What's the mediawiki-config patch? I can +1 if you like! :)

Thank you @Jdrewniak and @Ottomata! This is a schema that I've worked with before to have the data whitelisted for permanent data capture. Is there anything I'll need to do on my end to ensure that this process continues after the migration?

This migration is being done in a backwards compatible way, so the same system is sanitizing and keeping data. If this schema is listed in the allowlist file as described in https://wikitech.wikimedia.org/wiki/Analytics/Systems/Event_Sanitization, it will continue to be sanitized and kept permanently.

Great @Ottomata yes it is in that yaml file!

Change 772504 merged by jenkins-bot:

[wikimedia/portals@master] Migrate wikipedia.org analytics to Event Platform

https://gerrit.wikimedia.org/r/772504

Jdlrobson reassigned this task from Edtadros to Jdrewniak.
Jdlrobson added a subscriber: Edtadros.

Is this ready for QA? If so could you add some QA steps. If not, please move to doing.

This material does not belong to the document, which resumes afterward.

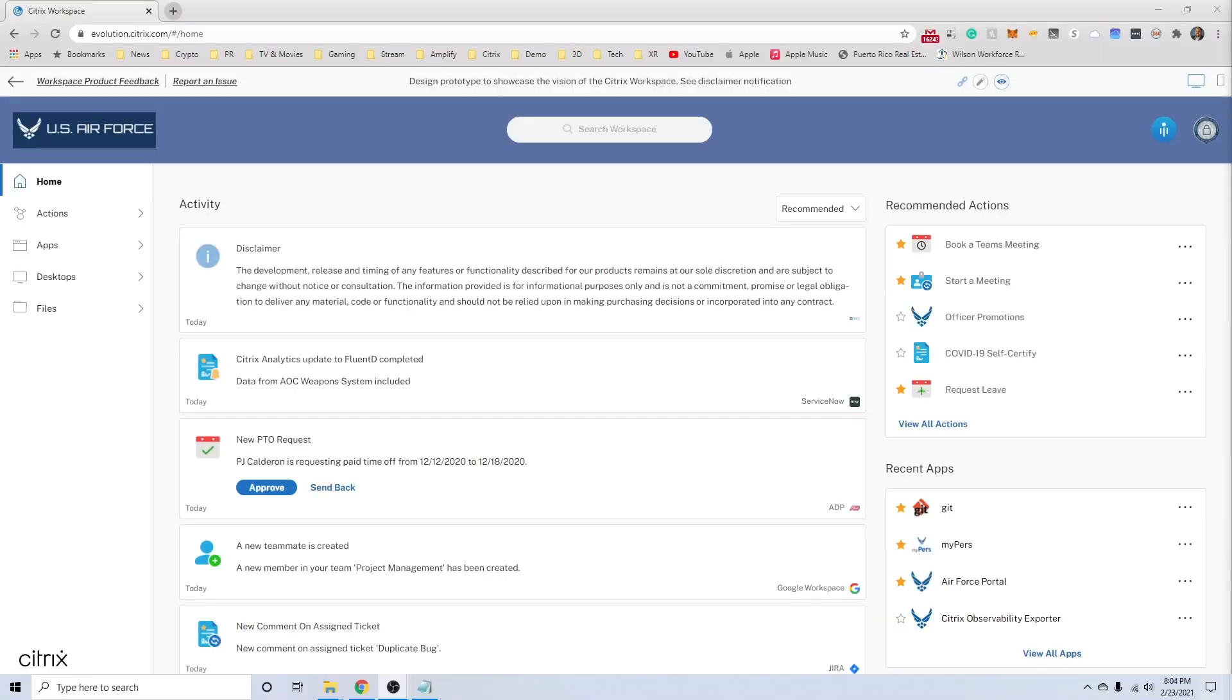Today, I want to share with you our vision for the future of work within the Air Force. As part of that, I'm going to show you a digital workspace experience that helps organize, guide, and automate work.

Change 773373 had a related patch set uploaded (by Jdrewniak; author: Jdrewniak):

[wikimedia/portals@master] Followup 246c37b7, event-logging sends data in POST body not as URL params

https://gerrit.wikimedia.org/r/773373

Change 773373 merged by jenkins-bot:

[wikimedia/portals@master] Followup 246c37b7, event-logging sends data in POST body not as URL params

https://gerrit.wikimedia.org/r/773373

Change 773380 had a related patch set uploaded (by Jdrewniak; author: Jdrewniak):

[operations/mediawiki-config@master] Bumping portals to master

https://gerrit.wikimedia.org/r/773380

@Ottomata I'm planning to deploy the change to the portals repo Thursday March 24, afternoon deploy window. After that, we should start seeing production events :)

Change 773380 merged by jenkins-bot:

[operations/mediawiki-config@master] Bumping portals to master

https://gerrit.wikimedia.org/r/773380

Mentioned in SAL (#wikimedia-operations) [2022-03-24T20:22:23Z] <thcipriani@deploy1002> Synchronized portals/wikipedia.org/assets: Config: [[gerrit:773380|Bumping portals to master (T282012)]] (duration: 00m 52s)

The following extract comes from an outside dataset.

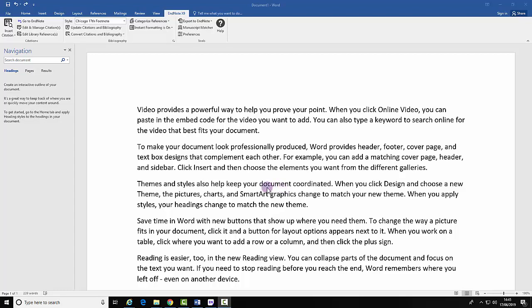Using footnotes in Word with EndNote. Firstly, select where you want your footnote to exist.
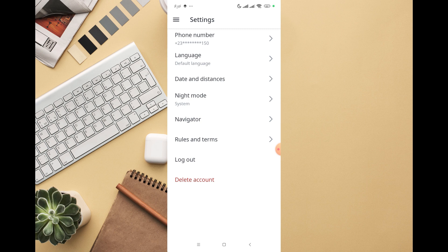It's going to log you out of the app without any issue. Anytime you want to log in again, you have to provide your phone number or your email before you can have access and log in again.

Mentioned in SAL (#wikimedia-operations) [2022-03-24T20:23:16Z] <thcipriani@deploy1002> Synchronized portals: Config: [[gerrit:773380|Bumping portals to master (T282012)]] (duration: 00m 52s)

hi @Ottomata, I've clicked around Hue and verified that events are being logged successfully at about the volume as before (about 25k per day). Would you like to verify this as well & sign this off?

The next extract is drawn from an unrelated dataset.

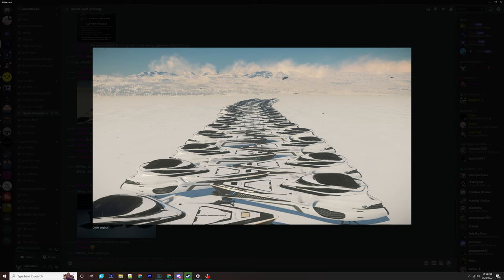The fact that we will have server meshing could mean that we could have four to five hundred people per server. Think about that and the server having to handle all of that information and all of that physical data going through the pipeline. It just makes me think and hope that they will be in a better spot than what they are now to be able to spawn the amount of Banu Merchantmen that will be spawned, because it's going to happen.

Awesome! no if you see them that's great. There are some backend finalization steps that I can take from here. I'll try to get them in today or tomorrow.

Thank you!!!!

Change 775374 had a related patch set uploaded (by Ottomata; author: Ottomata):

[operations/puppet@production] Finalize WikipediaPortal eventlogging event platform migration

https://gerrit.wikimedia.org/r/775374

Ottomata updated the task description. (Show Details)

Change 775374 merged by Ottomata:

[operations/puppet@production] Finalize WikipediaPortal eventlogging event platform migration

https://gerrit.wikimedia.org/r/775374

Just waiting to get my (expired) edit-protect permissions on metawiki back, then I can close this!